South Africa’s latest census recorded more than 2.4 million migrants last year, with the highest percentage coming from neighbouring Zimbabwe at 45.5%, followed by Mozambique and Lesotho.

They make up only around 3% of the total population of 62 million – though officials acknowledge the difficulty in counting foreign nationals, especially those who are undocumented.

South African Border Management Authority officers gather in Musina, 5 October 2023South African Border Management Authority officers gather in Musina, 5 October 2023

Hundreds of border guards have been recruited by the new BMA agency

For Dr Mosoaledi, it is clear “no-one can account for all undocumented migrants” in South Africa and says the government was already trying to deal with them.

“Immigration Services deport between 15, 000 and 20,000 illegal foreigners every year at a huge cost. This number is on the increase,” he said, pointing out that the government was setting up a new law enforcement agency – known as the Border Management Authority (BMA) – to “significantly reduce the risk of foreigners entering the country illegally”.

“New legislation must be introduced to strengthen the powers of immigration officers and inspectorate, and make continuing training compulsory,” Dr Motsoaledi added.

He also called for the establishment of immigration courts, saying “the current legislative framework was untenable and leads to long delays in finalising immigration matters, including deportation”.

Dr Moyo told the BBC that it was difficult to clamp down on undocumented migrants, as most were from neighbouring states.

“If you arrest and deport them, they come back the following week,” he said.

“You can’t stop the movement of people.

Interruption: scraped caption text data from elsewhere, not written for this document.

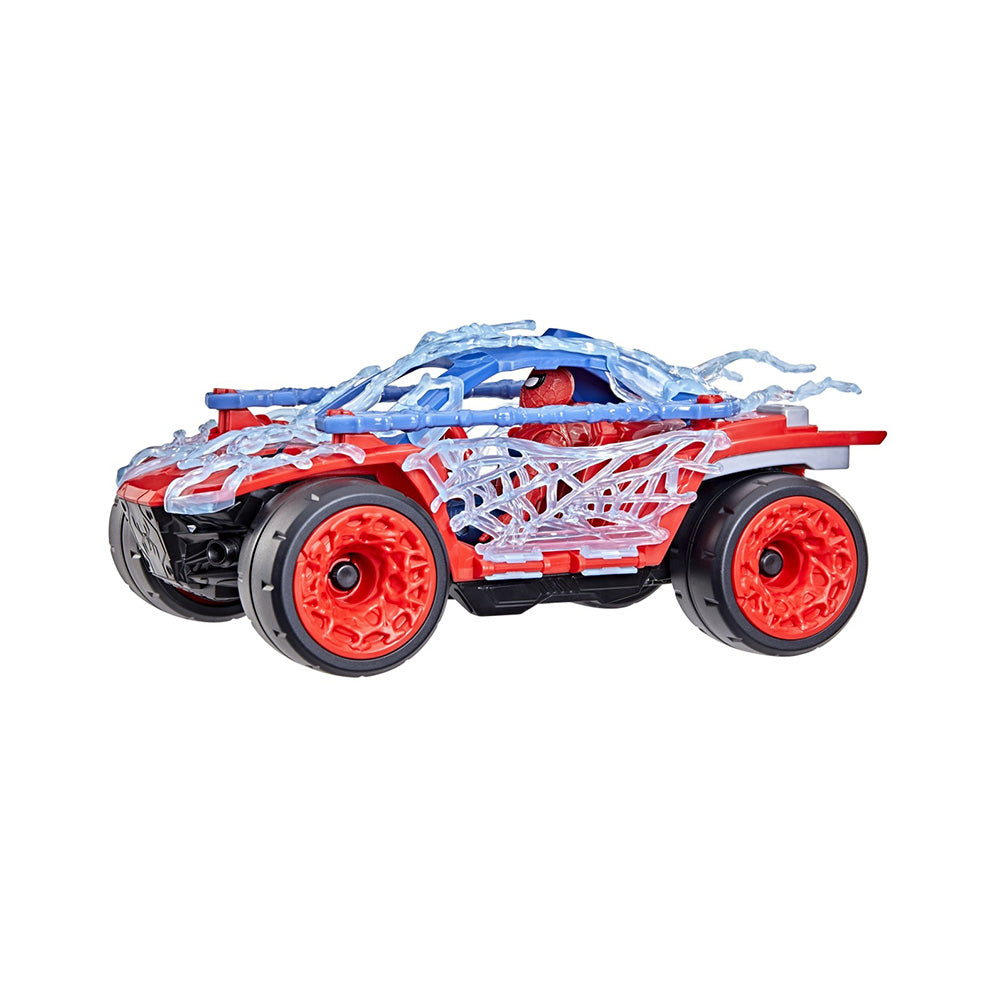 Hasbro Marvel Spider-Man Brand New Day Stretch & Blast Buggy με Φιγούρα 11,4 εκ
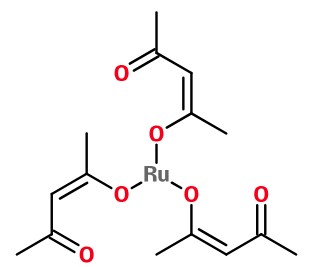 (image for) MCA00374 Ruthenium(III) acetylacetonate
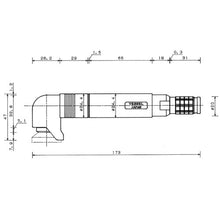 Load image into Gallery viewer, Air Micro Grinder  GT-MG25-9CF  VESSEL
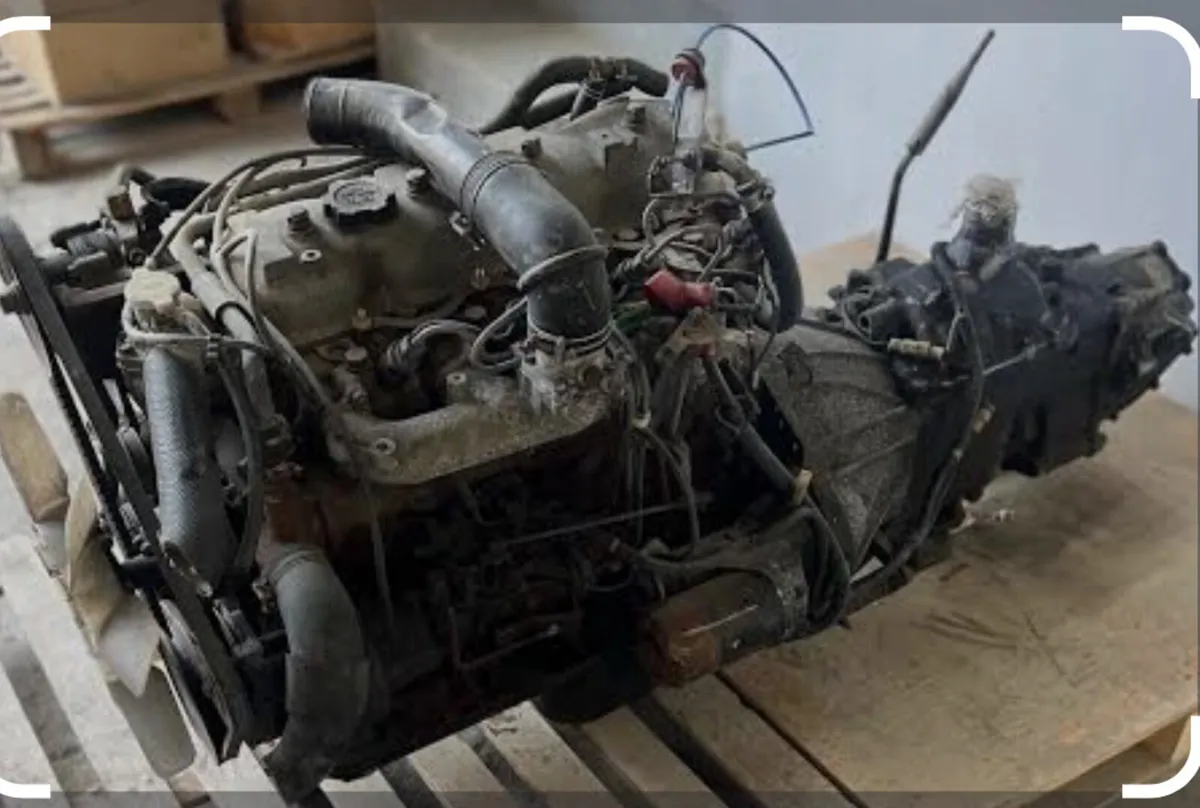 WANTED Toyota Bj 40  3B ENGINE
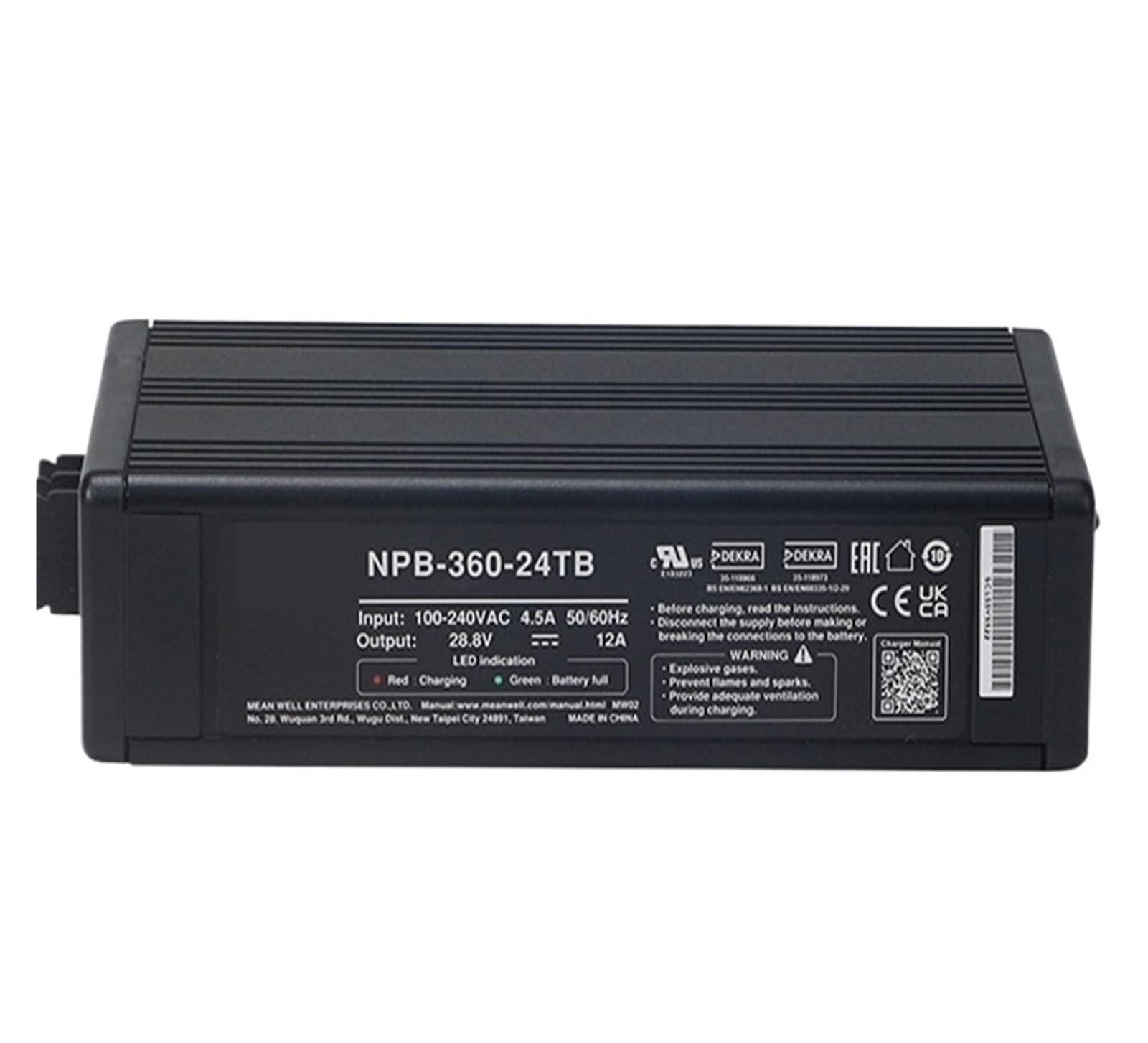 360W Wide Output Battery Charger NPB-360-12TB NPB-360-24TB NPB-360-48TB Switching Power Supply(NPB-360-48TB)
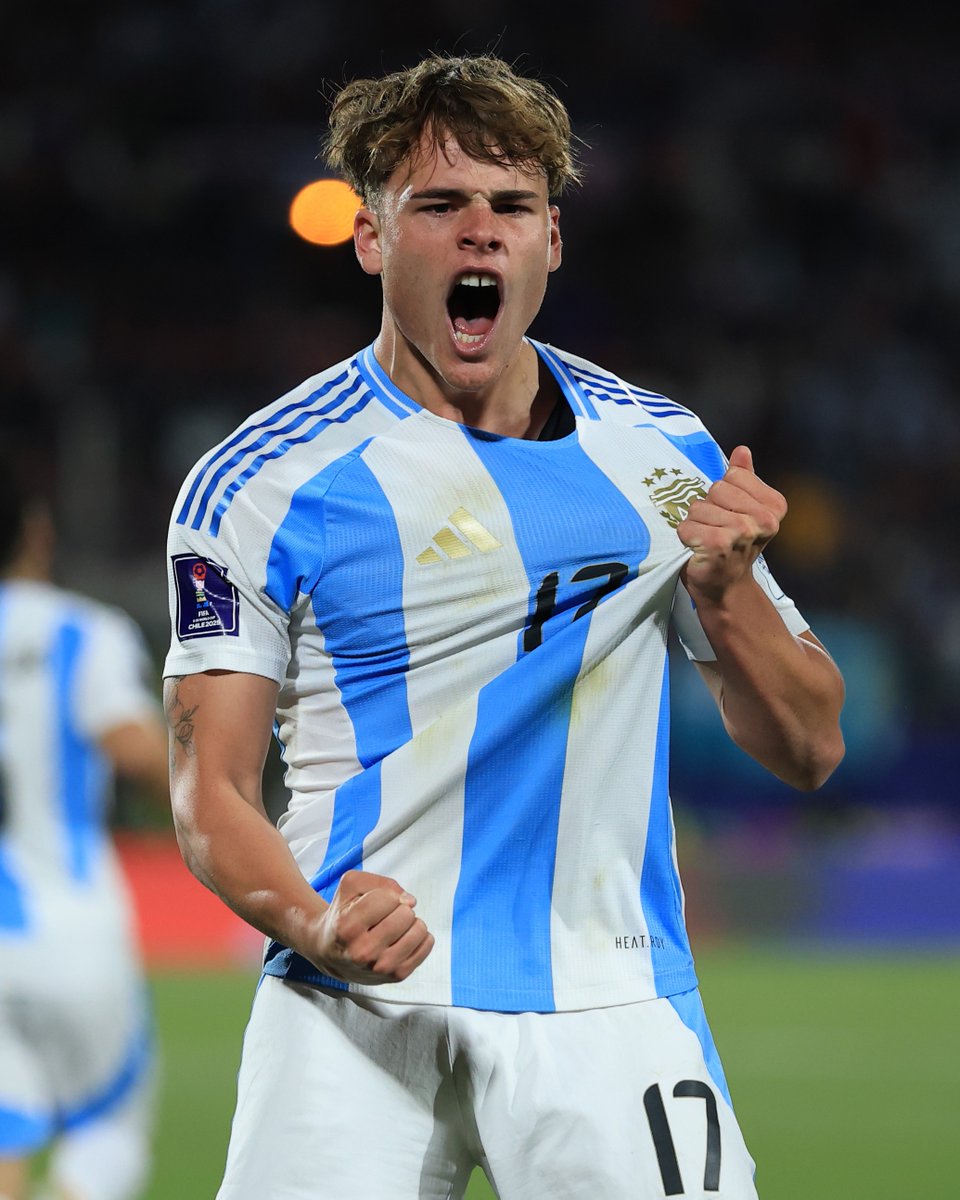 fifaworldcup_es's tweet image. Mateo Silvetti a pura potencia. 😤

#U20WC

It’s better to create a mechanism to allow people to be documented.”

Yet, with an election looming, the government is unlikely to drop its plans, especially as some opinion polls suggest that the ANC risks losing its outright majority in parliament for the first time since 1994.

As Dr Moyo noted, those parties that called for tougher immigration policies, including tighter border controls, performed “very well” in the 2021 local elections in South Africa’s economic heartland of Johannesburg and the capital, Tshwane.